• _Description of the task_: Extract precisely the lines that run from the line containing "front view of" to the end of the records below, with both ends included and pictures omitted.

• _Material provided_:
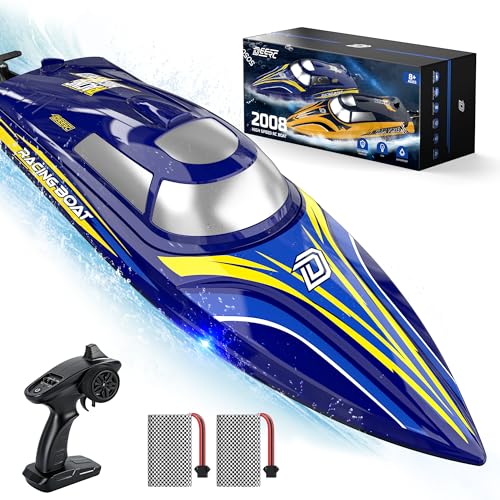 DEERC 14" Fast RC Boat for Kids & Adults, 32+ KPH Remote Control Speed Boat with 2x1200mAh Batteries, Auto Self-Righting Waterproof Toy for Lakes & Pools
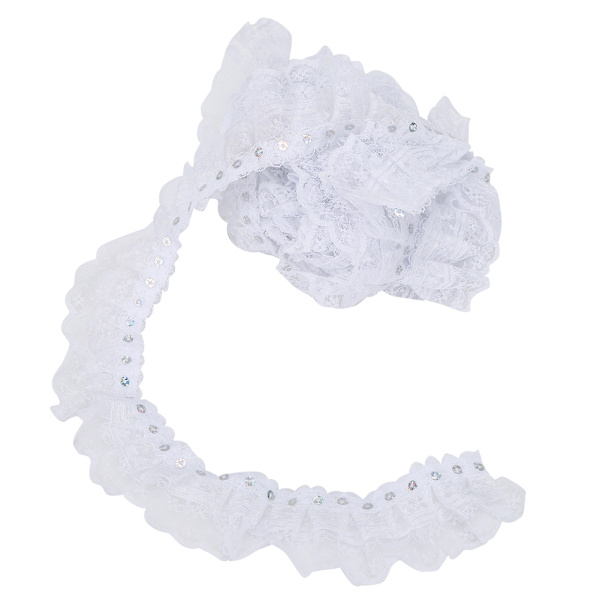 5 meter flerfärgad 45 mm prickar plisserad trim mesh spetsband sy paljetter broderad DIY hantverk (vit)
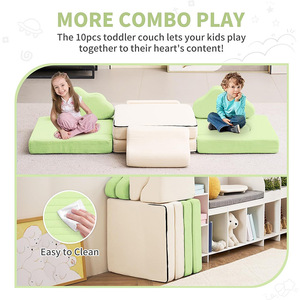 Canapé modulaire pour enfants avec coussins en éponge haute densité pour le jeu et l'assise des enfants, 2 places, construction en tissu - Product Image 4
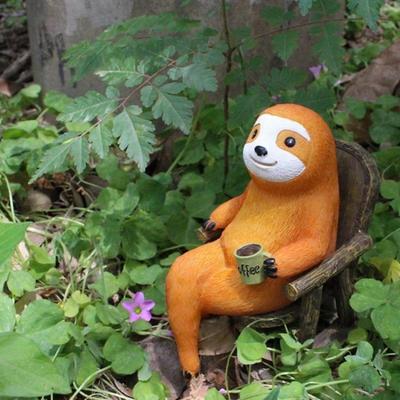 1 шт. Очаровательная фигурка ленивца из смолы на кресле-качалке, смола, садовое кресло-качалка для отдыха для двора, сада, уличного декора, настольный декор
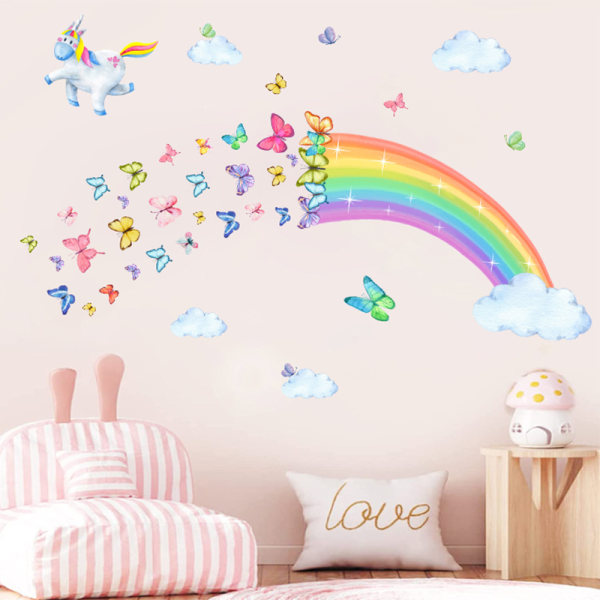 Tarrat Muraux Arc en Ciel Licorne Autocollant Mural Papillons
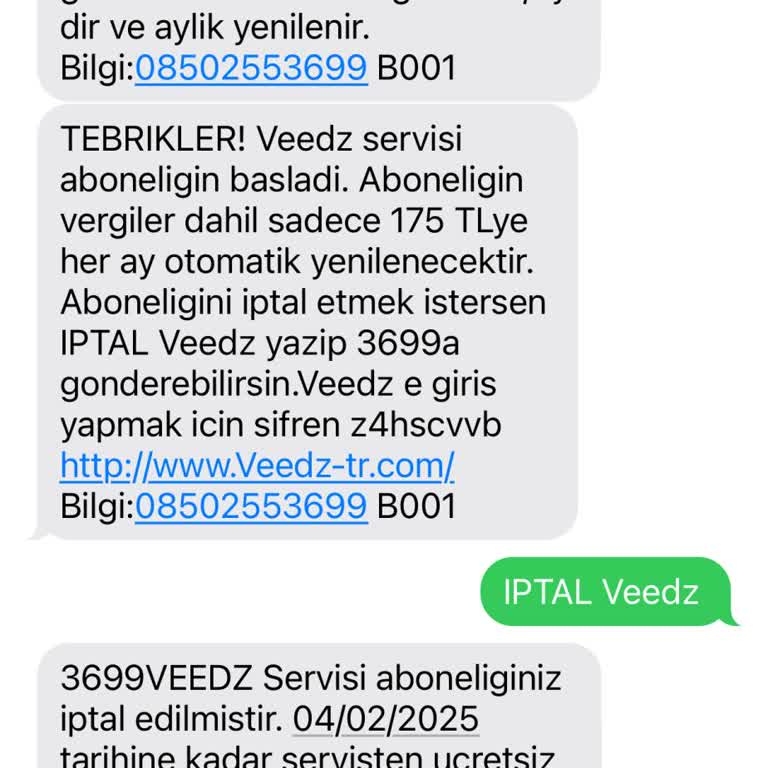 Veedz Servisi Aboneliği Ve Hatalı Tahsilat Sorunu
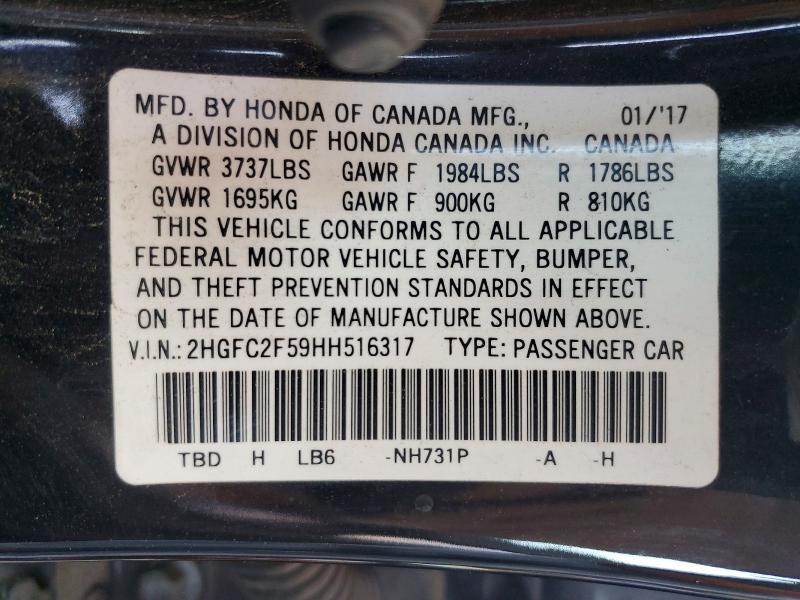 2017 Honda Civic მანქანა იყიდება აუქციონზე, vin: 2HGFC2F59HH516317, აუქციონის ნომერი: 63169016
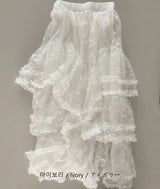 Aronoi Sheer Asymmetrical Floral Lace Tiered Skirt (2 Colors)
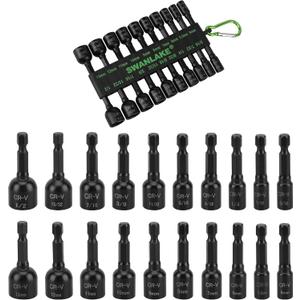 20-Piece Magnetic Nut Driver Set, Metric & SAE 1/4" Hex Shank, Drill Socket Set, Impact Driver Bit Set, Magnetic Bit Holder with Aluminum Alloy Snap Clip, Quick Change Tool
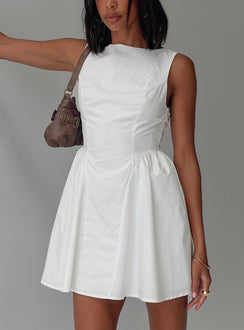 front view of model wearing Princess Polly Maryvonne Mini Dress White High Neck 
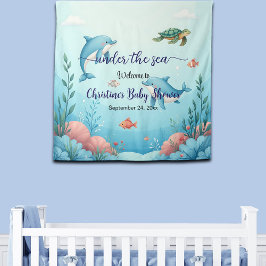 Tenture Blue Under the Sea Baby shower Accueil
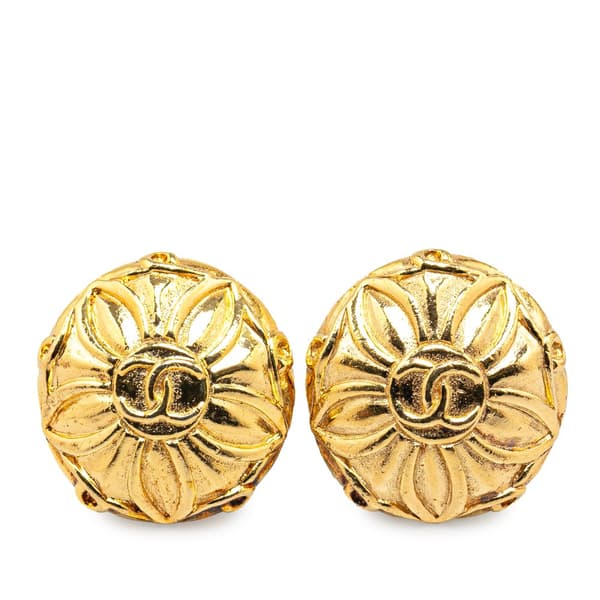 Pre-owned Chanel Gold Plated CC Clip On Earrings Gold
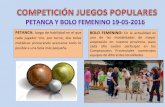 Juegos populares petanca y bolo femenino 19 05 2016
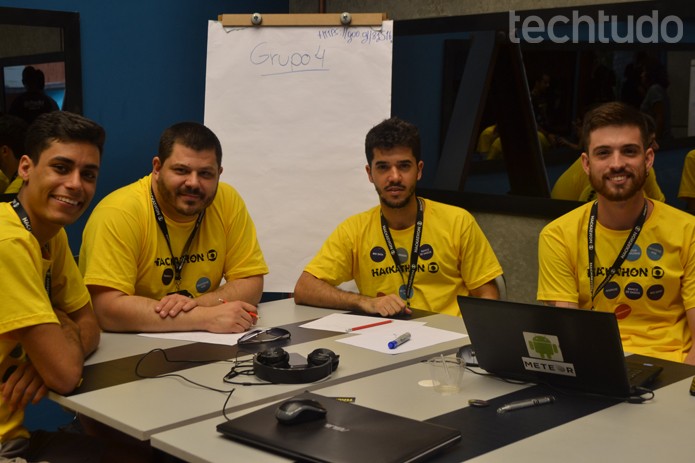 Grupo 4 - Hackathon Globo (Foto: Isabela Giantomaso / TechTudo)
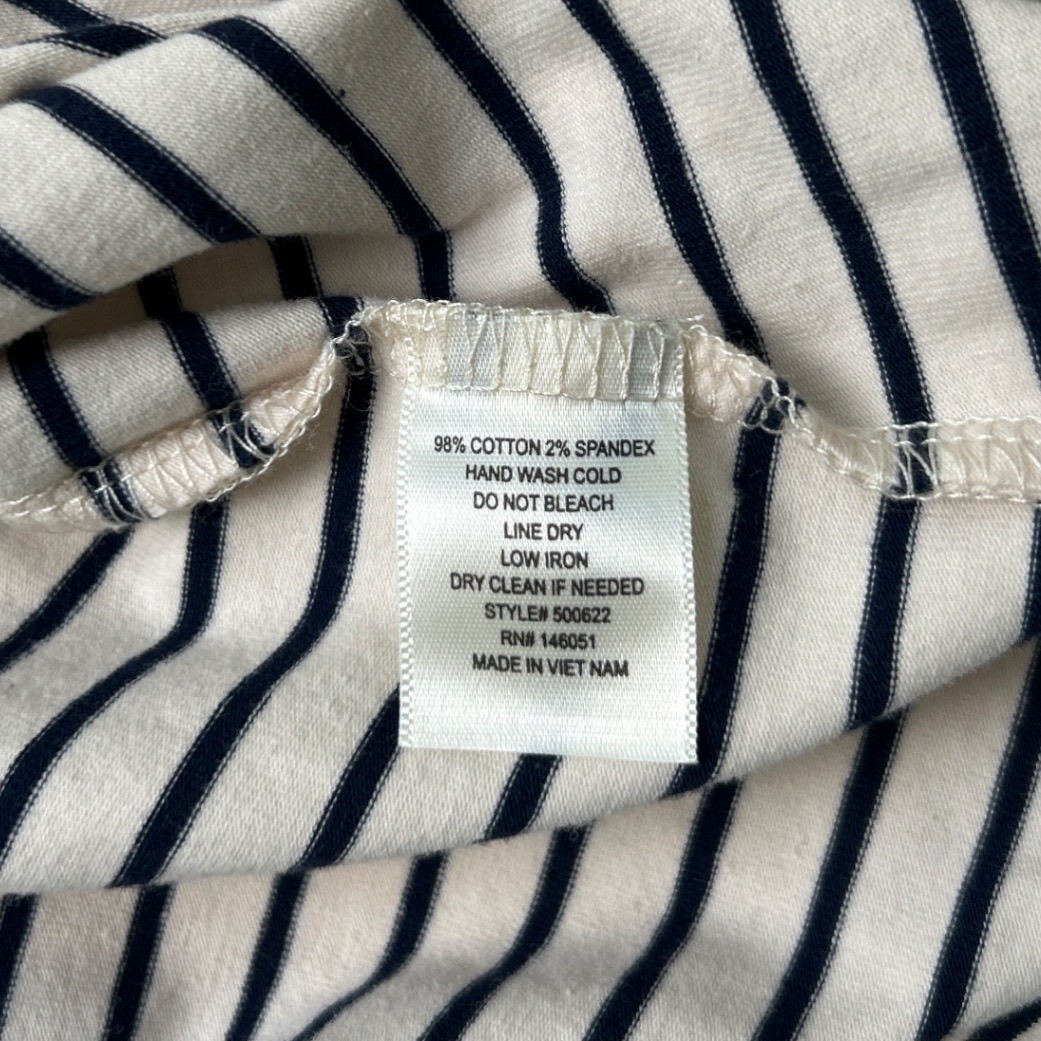 Monteau Womens Striped Sleeveless Mini Dress Cream Navy Size M Nautical Travel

• _Output of the exercise_:
 front view of model wearing Princess Polly Maryvonne Mini Dress White High Neck 
 Tenture Blue Under the Sea Baby shower Accueil
 Pre-owned Chanel Gold Plated CC Clip On Earrings Gold
 Juegos populares petanca y bolo femenino 19 05 2016
 Grupo 4 - Hackathon Globo (Foto: Isabela Giantomaso / TechTudo)
 Monteau Womens Striped Sleeveless Mini Dress Cream Navy Size M Nautical Travel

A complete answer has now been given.